Egyptian military operation planned to strike the Israeli Air Force

Operation Dawn, code-name Fajr (الفجر) in Arabic, was a rejected Egyptian military proposal planned by General Abdel Hakim Amer, as tension built between Israel and Egypt ahead of what was to become the Six Day War. It was not approved by Egyptian President Gamal Abdel Nasser, who was committed to not attacking Israel, unless Israel attacked first. Amer’s proposal was to strike the Israeli Air Force, in the prelude to what would become the Six-Day War. The Egyptian attack plan was to also involve strategic bombing of major ports, the Negev Nuclear Research Center near Dimona, airfields and cities. Arab armies would then attack, effectively cutting Israel in half with an armoured thrust from northern Sinai via the Negev desert.

==Chronology==
Egyptian President Gamal Abdel Nasser had provoked Israel when he closed the Straits of Tiran on May 22, 1967.
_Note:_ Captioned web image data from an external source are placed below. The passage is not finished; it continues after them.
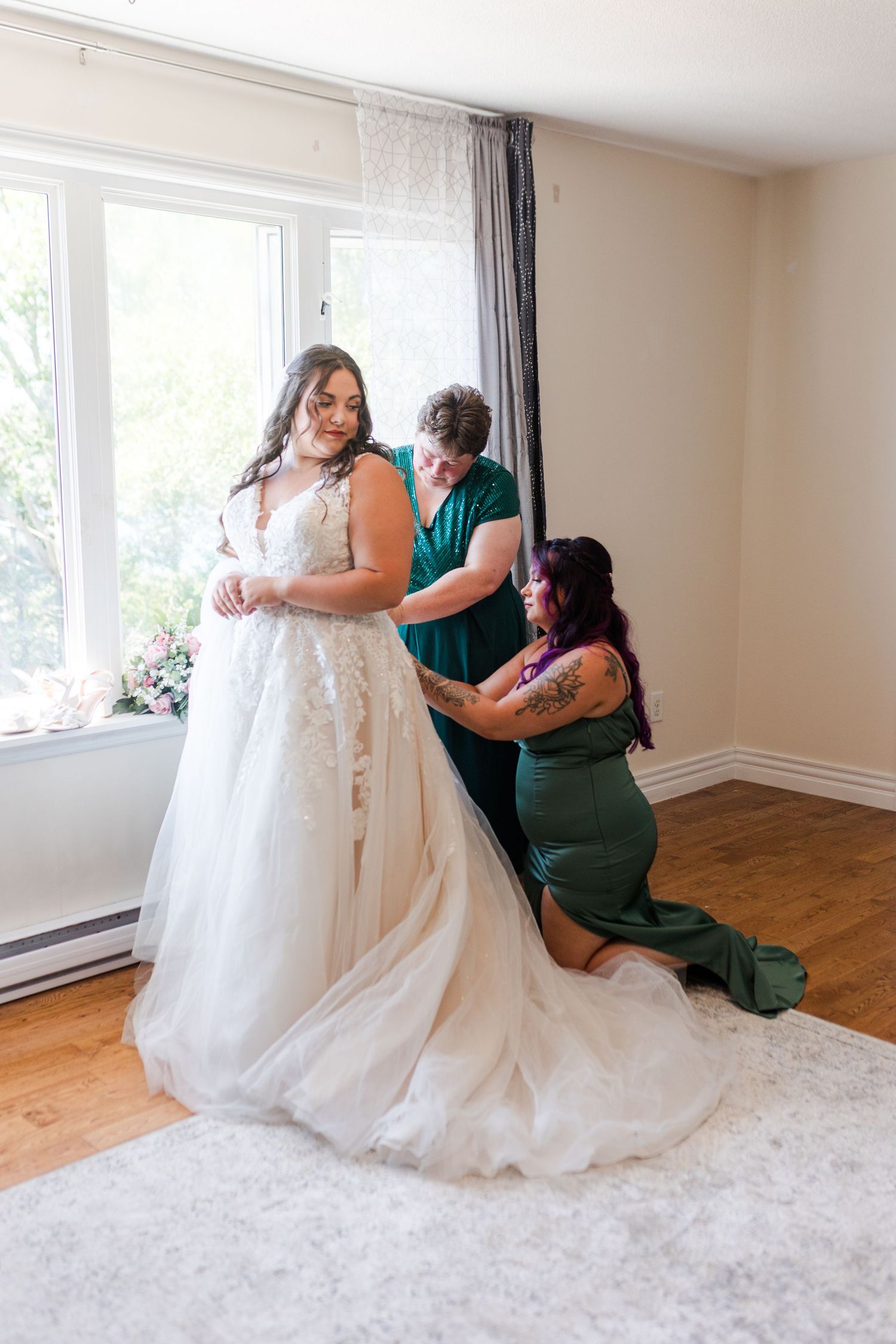 Helpers in emerald green dresses assist with adjusting a flowing white lace wedding gown by a bright window.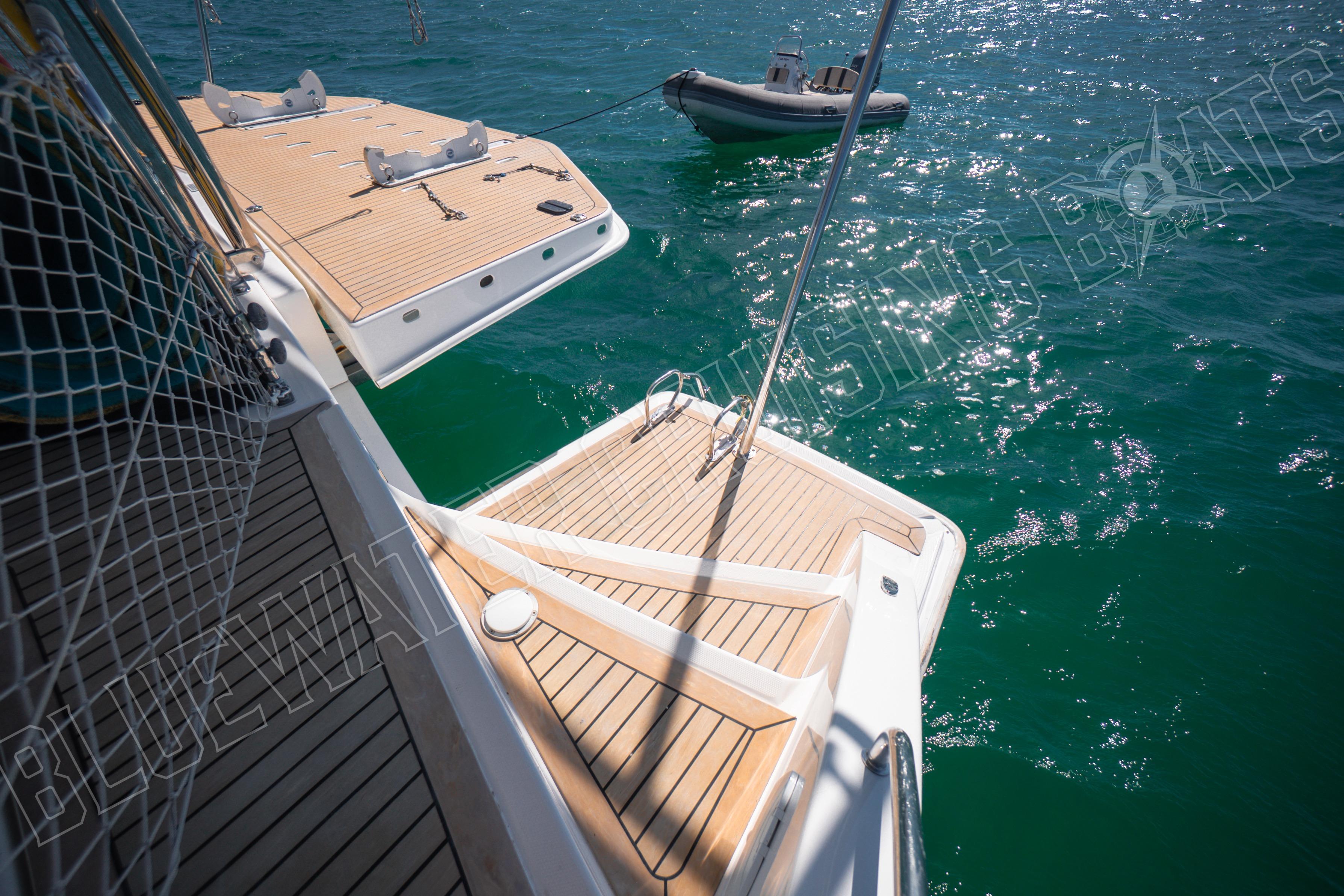 Leopard 58 yacht deck with tender boat on turquoise water, 2020 model.
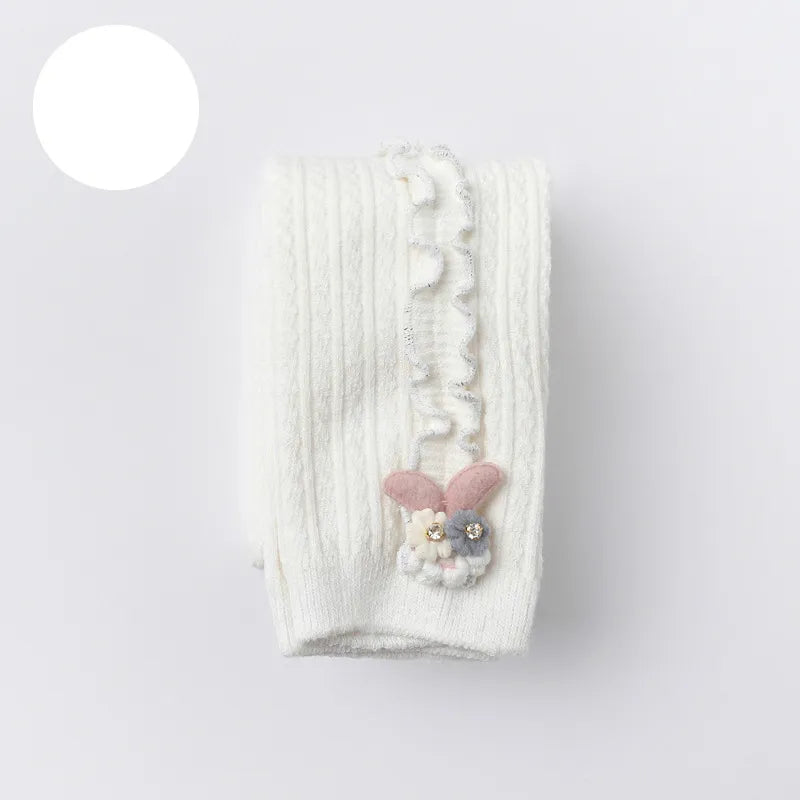 Baby girl fashion: ribbed cotton tights paired with a dress, for a stylish infant look.
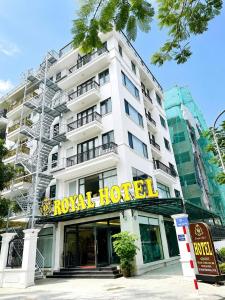 a hotel building with a royal hotel sign on it at Royal Hotel Lâm Hạ in Hanoi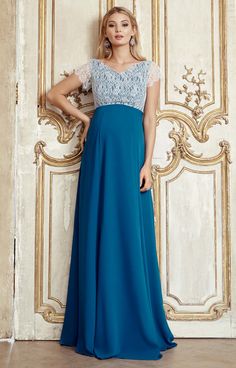 Our Eleanor full length blue-green maternity gown is a magical dress for any occasion. From the luxurious lace bodice in pale aqua tones to the dramatic draping panelled skirt with concealed back zip in Kingfisher blue, it is a truly exquisite dress to wear. For a hint of vintage drama, the capped sleeves are finished with pretty eyelash details and soft crossover shoulders with a shallow v neckline both front and back, darted below the bust for a neat fit. Pair with crystals, diamonds or pearls Fitted Lace Bodice Maxi Gown, Lace Bodice Maxi Gown, Blue Lace Bodice Gown For Wedding, Blue Lace Gown With Sweep Train, Blue Lace Bodice Ball Gown, Blue Lace Evening Dress With Lace Bodice, Blue Ball Gown With Lace Bodice, Maternity Wedding Dress With Lace Trim And Maxi Length, Floor-length Gown With Lace Sleeves And Fitted Bodice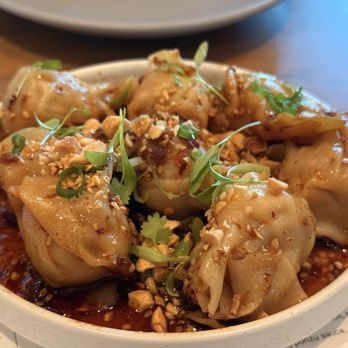 Earls Kitchen + Bar - Chili oil won ton - Cocktail Bars Near Me - Honolulu, Hawaii Earls Kitchen + Bar - Chili oil won ton - Cocktail Bars Near Me - Honolulu, Hawaii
Abdel Hakim Amer, an Egyptian general, planned the operation, which were it to have been approved would have taken place on May 27, 1967.

According to the Israeli diplomat Michael Oren, Operation Dawn was called off after Nasser was informed by the Soviet Union that the United States was aware of the plan. Israel sent urgent messages to the United States on May 25, 1967, saying an attack from Egypt was imminent.

==Debate about whether Egypt had really posed an imminent military threat==
The White House ordered an intelligence assessment, which found the Israeli claims unfounded. Israeli prime minister Levi Eshkol wrote on a copy of one of the urgent messages transmitted to the United States "All to create an alibi".

According to Avi Shlaim: "All of Nasser’s plans depended on the assumption that the Israelis would strike the first blow. The president rejected the first strike option as politically impossible because he thought it would give the United States and Israel the very pretext for which they were looking. International opinion would be alienated, the Soviets might withdraw their support, and the United States could enter the war on Israel’s side."

According to John Quigley, there is thin evidence that there was any Egyptian plan to attack Israel that would actually have been carried out.

Some Israelis claimed that they knew from "Egyptian uncovered documents" that there was an Egyptian plan to attack and cut off Negev, capture Eilat, and make occupied land contiguous to Jordan.